First question: Carpenter's analysis of prophetic and apocalyptic literature is primarily confined to the period ending in the 1870s. I'm interested, however, in how fin de siècle anxieties might have played into nineteenth-century prophetics. I'm thinking specifically of Marie Corelli's The Sorrows of Satan, in which Satan appears in 1890s London disguised as a dandy. Here we have the intersection of two different -- though obviously related -- fears: the apocalypse and the dandy. How can we relate fin de siècle anxieties (represented often by the dandy) to prophetic writing in the nineteenth century?
Second question: Thinking about the domestic novel, I am wondering whether the domestic novel might have signified its own sort of apocalypse. The domestic novel is founded on the idea of the domestic sphere as a haven, keeping the characters separate and protected from a public sphere that has become progressively corrupt and dangerous. This implies that the characters need protection from something dangerous outside of the home: isn't this setup fraught with ideas of apocalypse?
Third question: The narrative of the "forbidden book" was prevalent generally in nineteenth-century writing and more specifically in female nineteenth-century writing. Taking into consideration the technique of bracketing parts of the Bible (and thinking about bracketing as a form of highlighting) are there any narratives that deal with women's responses to these bracketed sections?

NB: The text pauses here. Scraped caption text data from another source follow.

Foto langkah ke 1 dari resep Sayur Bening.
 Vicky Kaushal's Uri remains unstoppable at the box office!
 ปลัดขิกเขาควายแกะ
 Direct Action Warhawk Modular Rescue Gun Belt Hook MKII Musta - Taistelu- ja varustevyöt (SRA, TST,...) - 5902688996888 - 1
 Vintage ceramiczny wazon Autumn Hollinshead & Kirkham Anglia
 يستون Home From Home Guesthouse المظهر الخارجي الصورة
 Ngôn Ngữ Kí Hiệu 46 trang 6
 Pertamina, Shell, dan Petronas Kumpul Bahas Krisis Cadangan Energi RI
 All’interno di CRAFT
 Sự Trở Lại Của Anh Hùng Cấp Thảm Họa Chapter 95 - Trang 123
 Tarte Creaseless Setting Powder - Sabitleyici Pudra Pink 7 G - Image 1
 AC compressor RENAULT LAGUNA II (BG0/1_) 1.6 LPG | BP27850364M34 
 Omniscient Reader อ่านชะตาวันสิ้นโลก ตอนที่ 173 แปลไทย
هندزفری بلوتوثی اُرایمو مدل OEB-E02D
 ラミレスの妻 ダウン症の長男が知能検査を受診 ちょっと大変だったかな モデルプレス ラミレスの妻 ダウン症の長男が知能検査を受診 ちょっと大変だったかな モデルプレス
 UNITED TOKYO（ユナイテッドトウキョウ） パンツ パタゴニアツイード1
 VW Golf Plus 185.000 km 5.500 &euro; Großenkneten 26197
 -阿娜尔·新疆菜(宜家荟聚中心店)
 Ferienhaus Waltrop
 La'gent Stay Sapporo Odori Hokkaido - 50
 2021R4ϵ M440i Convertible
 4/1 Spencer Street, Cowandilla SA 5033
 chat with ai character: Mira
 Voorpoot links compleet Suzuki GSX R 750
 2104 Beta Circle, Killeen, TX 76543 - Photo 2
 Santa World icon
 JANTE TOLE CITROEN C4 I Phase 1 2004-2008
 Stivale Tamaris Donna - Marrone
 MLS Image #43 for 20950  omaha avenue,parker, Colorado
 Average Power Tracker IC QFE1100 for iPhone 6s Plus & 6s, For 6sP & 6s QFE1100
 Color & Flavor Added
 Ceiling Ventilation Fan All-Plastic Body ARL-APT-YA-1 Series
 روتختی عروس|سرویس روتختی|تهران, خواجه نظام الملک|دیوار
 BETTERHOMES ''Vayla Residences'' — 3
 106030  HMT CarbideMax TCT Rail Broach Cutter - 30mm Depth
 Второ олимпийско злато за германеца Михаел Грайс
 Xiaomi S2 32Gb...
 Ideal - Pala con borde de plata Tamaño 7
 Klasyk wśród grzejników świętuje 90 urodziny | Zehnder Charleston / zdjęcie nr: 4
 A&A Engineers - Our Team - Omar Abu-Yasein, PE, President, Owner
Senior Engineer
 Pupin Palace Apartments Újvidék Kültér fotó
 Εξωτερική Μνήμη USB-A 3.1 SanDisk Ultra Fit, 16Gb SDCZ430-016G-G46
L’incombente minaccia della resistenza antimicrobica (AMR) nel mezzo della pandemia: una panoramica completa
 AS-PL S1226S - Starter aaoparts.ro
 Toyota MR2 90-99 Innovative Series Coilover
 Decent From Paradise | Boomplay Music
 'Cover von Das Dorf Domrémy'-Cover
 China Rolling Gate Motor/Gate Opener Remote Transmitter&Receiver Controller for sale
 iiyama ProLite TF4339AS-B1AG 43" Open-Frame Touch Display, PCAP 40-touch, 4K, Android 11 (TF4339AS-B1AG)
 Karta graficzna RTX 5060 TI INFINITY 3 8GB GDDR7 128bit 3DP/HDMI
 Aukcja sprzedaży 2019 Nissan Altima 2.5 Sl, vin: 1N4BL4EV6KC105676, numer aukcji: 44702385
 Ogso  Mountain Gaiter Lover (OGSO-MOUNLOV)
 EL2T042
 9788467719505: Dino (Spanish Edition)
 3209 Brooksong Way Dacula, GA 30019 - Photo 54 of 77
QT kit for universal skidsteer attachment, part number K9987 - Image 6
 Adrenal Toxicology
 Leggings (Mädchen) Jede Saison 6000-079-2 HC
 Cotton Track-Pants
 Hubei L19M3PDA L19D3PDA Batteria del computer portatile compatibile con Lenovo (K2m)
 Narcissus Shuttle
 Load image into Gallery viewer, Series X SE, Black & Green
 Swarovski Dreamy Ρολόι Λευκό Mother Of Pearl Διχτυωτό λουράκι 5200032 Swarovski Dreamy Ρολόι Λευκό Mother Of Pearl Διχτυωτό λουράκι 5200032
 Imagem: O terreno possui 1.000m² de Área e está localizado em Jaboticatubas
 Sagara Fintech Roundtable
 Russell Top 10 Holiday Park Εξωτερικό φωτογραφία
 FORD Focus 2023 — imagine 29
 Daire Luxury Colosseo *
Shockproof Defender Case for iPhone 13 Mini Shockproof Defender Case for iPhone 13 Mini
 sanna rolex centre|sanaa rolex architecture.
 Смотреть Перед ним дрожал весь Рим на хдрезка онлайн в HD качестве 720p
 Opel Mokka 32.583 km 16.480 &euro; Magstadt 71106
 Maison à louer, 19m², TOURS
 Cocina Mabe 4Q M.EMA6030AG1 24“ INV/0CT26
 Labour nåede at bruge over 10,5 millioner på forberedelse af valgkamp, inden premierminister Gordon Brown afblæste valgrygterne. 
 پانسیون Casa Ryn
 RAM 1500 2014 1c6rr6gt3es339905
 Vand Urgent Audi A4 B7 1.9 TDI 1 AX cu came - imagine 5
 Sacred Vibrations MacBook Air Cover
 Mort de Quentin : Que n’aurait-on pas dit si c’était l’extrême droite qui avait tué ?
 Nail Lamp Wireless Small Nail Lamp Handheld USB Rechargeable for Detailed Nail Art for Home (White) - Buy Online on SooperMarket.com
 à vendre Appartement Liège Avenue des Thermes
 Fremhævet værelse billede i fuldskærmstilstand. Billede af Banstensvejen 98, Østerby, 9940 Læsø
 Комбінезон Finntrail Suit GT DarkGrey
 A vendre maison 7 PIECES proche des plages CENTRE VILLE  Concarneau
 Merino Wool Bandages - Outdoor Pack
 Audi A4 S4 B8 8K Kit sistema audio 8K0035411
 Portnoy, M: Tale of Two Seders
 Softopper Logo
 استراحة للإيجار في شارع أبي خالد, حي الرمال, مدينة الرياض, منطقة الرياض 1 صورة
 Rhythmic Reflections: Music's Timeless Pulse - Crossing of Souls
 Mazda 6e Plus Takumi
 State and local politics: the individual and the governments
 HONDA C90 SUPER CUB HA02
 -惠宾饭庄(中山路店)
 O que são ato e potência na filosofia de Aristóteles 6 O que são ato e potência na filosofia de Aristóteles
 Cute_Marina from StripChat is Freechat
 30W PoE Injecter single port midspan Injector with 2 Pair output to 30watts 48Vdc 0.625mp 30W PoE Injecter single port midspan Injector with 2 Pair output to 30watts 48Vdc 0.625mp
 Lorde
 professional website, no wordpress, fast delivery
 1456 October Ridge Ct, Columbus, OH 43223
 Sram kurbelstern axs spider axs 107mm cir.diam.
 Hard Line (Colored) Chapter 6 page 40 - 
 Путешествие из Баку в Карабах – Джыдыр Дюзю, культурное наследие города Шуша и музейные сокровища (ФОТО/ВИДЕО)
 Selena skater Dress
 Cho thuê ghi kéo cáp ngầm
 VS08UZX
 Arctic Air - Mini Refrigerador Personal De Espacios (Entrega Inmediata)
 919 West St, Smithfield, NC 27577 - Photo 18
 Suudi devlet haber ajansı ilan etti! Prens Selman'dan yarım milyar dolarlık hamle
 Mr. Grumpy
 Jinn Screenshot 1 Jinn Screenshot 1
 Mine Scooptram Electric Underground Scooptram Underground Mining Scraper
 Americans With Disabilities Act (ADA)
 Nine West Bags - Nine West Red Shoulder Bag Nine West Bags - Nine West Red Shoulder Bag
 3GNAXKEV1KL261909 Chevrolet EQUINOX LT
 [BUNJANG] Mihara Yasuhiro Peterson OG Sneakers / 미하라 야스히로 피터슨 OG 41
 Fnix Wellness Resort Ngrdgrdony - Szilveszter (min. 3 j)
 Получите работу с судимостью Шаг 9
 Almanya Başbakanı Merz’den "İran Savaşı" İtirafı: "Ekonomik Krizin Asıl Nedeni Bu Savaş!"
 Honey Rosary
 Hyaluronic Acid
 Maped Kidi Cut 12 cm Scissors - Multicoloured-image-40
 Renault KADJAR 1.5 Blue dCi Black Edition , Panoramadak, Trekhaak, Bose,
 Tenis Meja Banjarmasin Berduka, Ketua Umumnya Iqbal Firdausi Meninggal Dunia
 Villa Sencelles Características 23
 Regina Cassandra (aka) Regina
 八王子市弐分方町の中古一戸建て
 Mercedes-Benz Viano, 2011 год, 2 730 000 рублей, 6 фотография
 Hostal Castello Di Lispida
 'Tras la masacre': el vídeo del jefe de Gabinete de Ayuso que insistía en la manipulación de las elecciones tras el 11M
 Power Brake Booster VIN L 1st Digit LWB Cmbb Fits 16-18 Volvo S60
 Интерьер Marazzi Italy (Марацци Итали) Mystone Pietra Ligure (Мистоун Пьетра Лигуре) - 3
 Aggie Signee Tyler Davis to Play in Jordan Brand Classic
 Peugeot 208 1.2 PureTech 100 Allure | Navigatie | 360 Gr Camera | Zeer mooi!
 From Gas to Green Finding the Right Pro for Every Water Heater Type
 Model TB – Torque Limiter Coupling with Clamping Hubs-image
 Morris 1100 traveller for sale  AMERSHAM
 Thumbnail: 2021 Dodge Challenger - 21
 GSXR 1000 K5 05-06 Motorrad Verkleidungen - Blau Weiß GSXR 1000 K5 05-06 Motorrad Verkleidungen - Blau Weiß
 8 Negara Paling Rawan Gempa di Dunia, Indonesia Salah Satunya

Fourth question: Addressing the relationship between serialization and typological readings, Carpenter writes, "Rather than encountering the Old Testament as offering types and figures of the New, they might have read it as they would a novel, reflecting on its characters and stories, and discoursing on the strange 'customs' described?" (44). Would serialized publication and reading have irreparably damaged the reader's ability to read the Bible in a typological fashion, or would the nature of the typological reading have simply become less literal?